Leafing through the excellent bibliographical material in volume 13 of Omnibus press's Tout Simenon, I figured out that I have read 73 novels by Simenon – probably not even a quarter of his opus. Seventy-three is enough of a start to dream about reading them all some day, but what kind of accomplishment is that? How do you bring it up in conversation, what points does it get you in life – in effect, who cares? It's not a question that comes up with other authors: it's self-evidently valuable, to a literary type, to have read all of Jane Austen or Charles Dickens. But Simenon wrote so quickly and so disposably that you have to figure that even fans don't have any sense of his complete works, making conversation about them difficult as a whole and impossible in the case of individual books (it's practically at haphazard that you'll ever meet anyone who's read a particular title).

Yet Simenon uses themes that emerge from his work like the proverbial figures in the carpet, if you read far enough and fast enough. Le confessional, a short, tightly-constructed novel from the last years of his career, takes up the theme of turning into one's parents (or, more broadly, the younger generation turning into a mirror of an entire older generation).

André Bar is sixteen and a half. He's preparing to sit his bac, the 1960s French equivalent of A-levels. He's getting interested in Francine, the 17-year-old daughter of family friends. But while on an impromptu date one afternoon with Francine, André sees his mother leaving a dubious block of furnished flats that rent by the hour.

This chance encounter touches off long stretches of dialogue among all the novel's principal characters. It's a talky novel. But then, confessionals are talky places. If the dialogue were sparer and the situation more ominous, Le confessional would be a Pinter play (along the lines of Betrayal, if Betrayal had featured a young-adult son watching his parents' marriage unravel). As it is, the characters explain too much, and the exposition is too elaborate.
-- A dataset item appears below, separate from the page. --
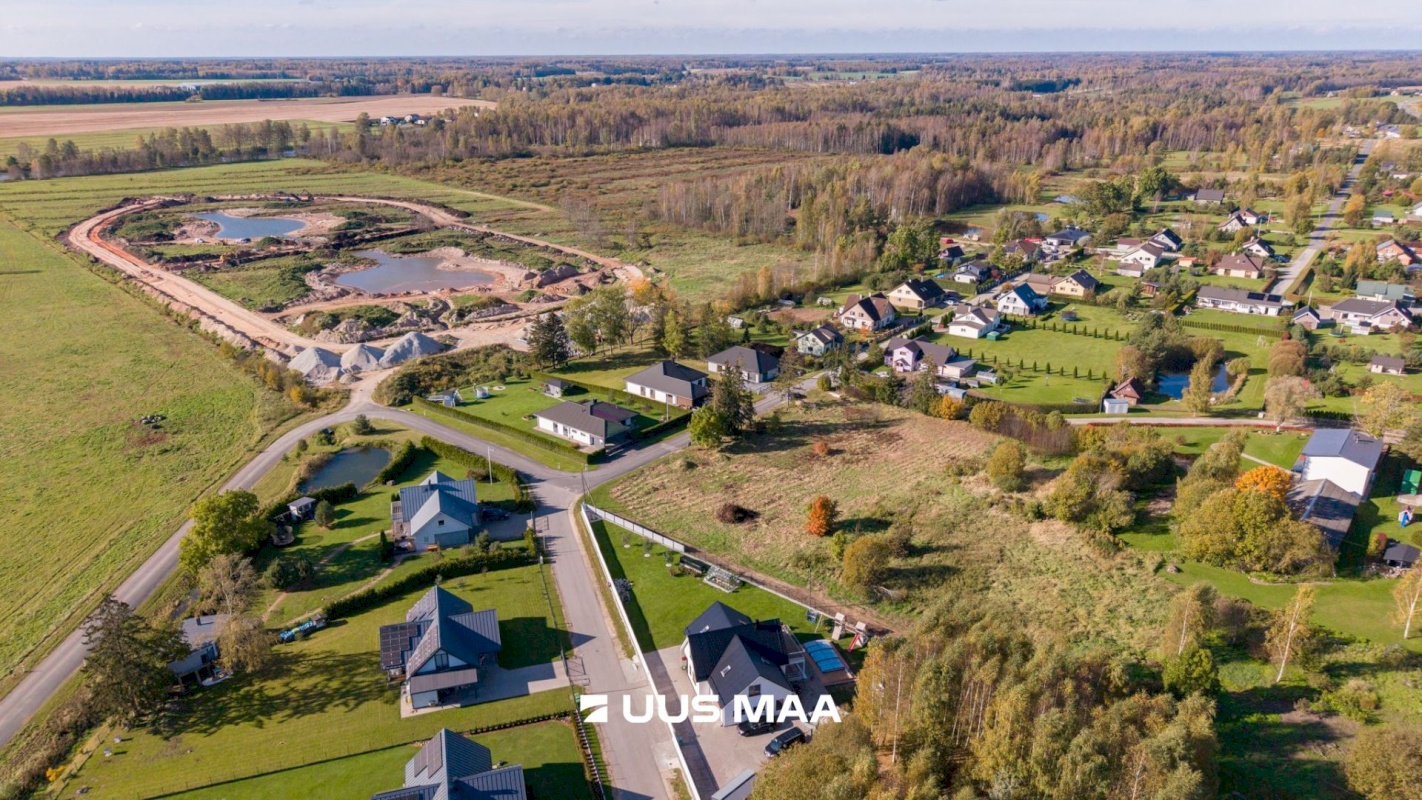 Tartu vald, Vahi alevik, Ojaääre 5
Still, despite its flaws, Le confessional gives a stark view of a kid confronting the imminence of adulthood. (At one point, when his mother reveals a conversation she'd had with his father when they were 21, our hero – fond of slot cars and milkshakes – realizes that he'll be having such conversations, with all their permanent repercussions, before he knows it.)

Also very much in the Pinter mode, Le confessional gives us characters who talk at cross-purposes and believe they are entitled to their own facts. Mme. Bar is habitually unfaithful, says M. Bar. M. Bar is pathologically jealous, says Mme. Bar. Each says they love the other and each insists they're unloved in return. Nobody can really be right or wrong. They simply need to see the world in a certain way to cope with getting out of bed the next morning.

Simenon, Georges. Le confessional. 1966. In Tout Simenon 13. Paris: Omnibus, 2002. 115-211.